Computing unit 801 may be a variety of general and/or special purpose processing components with processing and computing capabilities. Some examples of the computing Unit 801 include, but are not limited to, a CPU (Central Processing Unit), a GPU (graphics Processing Unit), various dedicated AI (Artificial Intelligence) computing chips, various computing Units running machine learning model algorithms, a DSP (Digital Signal Processor), and any suitable Processor, controller, microcontroller, and the like. The calculation unit 801 executes the respective methods and processes described above, such as a storage method of a map database, or a reading method of a map database. For example, in some embodiments, the storage method of a graph database, or the reading method of a graph database, may be implemented as a computer software program tangibly embodied in a machine-readable medium, such as storage unit 808. In some embodiments, part or all of the computer program can be loaded and/or installed onto device 800 via ROM 802 and/or communications unit 809. When the computer program is loaded into the RAM803 and executed by the computing unit 801, one or more steps of the above-described method of storing a map database, or method of reading a map database, may be executed. Alternatively, in other embodiments, the computing unit 801 may be configured to perform the storing method of the graph database, or the reading method of the graph database, in any other suitable way (e.g. by means of firmware).

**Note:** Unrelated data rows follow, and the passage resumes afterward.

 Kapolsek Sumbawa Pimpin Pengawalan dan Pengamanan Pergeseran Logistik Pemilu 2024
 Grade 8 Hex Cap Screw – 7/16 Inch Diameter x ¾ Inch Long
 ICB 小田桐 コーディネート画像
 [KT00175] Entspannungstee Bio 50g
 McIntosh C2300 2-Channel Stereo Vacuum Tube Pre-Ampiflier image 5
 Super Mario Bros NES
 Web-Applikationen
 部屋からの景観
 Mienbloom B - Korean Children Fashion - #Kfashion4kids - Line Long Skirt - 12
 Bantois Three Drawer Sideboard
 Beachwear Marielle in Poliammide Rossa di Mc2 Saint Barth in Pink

Various implementations of the systems and techniques described here above may be realized in digital electronic circuitry, Integrated circuitry, FPGAs (Field Programmable Gate arrays), ASICs (Application-Specific Integrated circuits), ASSPs (Application Specific Standard products), SOCs (System On Chip, System On a Chip), CPLDs (Complex Programmable Logic devices), computer hardware, firmware, software, and/or combinations thereof. These various embodiments may include: implemented in one or more computer programs that are executable and/or interpretable on a programmable system including at least one programmable processor, which may be special or general purpose, receiving data and instructions from, and transmitting data and instructions to, a storage system, at least one input device, and at least one output device.
Program code for implementing the methods of the present application may be written in any combination of one or more programming languages. These program codes may be provided to a processor or controller of a general purpose computer, special purpose computer, or other programmable data processing apparatus, such that the program codes, when executed by the processor or controller, cause the functions/operations specified in the flowchart and/or block diagram to be performed. The program code may execute entirely on the machine, partly on the machine, as a stand-alone software package partly on the machine and partly on a remote machine or entirely on the remote machine or server.
In the context of this application, a machine-readable medium may be a tangible medium that can contain, or store a program for use by or in connection with an instruction execution system, apparatus, or device. The machine-readable medium may be a machine-readable signal medium or a machine-readable storage medium. A machine-readable medium may include, but is not limited to, an electronic, magnetic, optical, electromagnetic, infrared, or semiconductor system, apparatus, or device, or any suitable combination of the foregoing. More specific examples of a machine-readable storage medium would include an electrical connection based on one or more wires, a portable computer diskette, a hard disk, a RAM, a ROM, an EPROM (Electrically Programmable Read-Only-Memory) or flash Memory, an optical fiber, a CD-ROM (Compact Disc Read-Only-Memory), an optical storage device, a magnetic storage device, or any suitable combination of the foregoing.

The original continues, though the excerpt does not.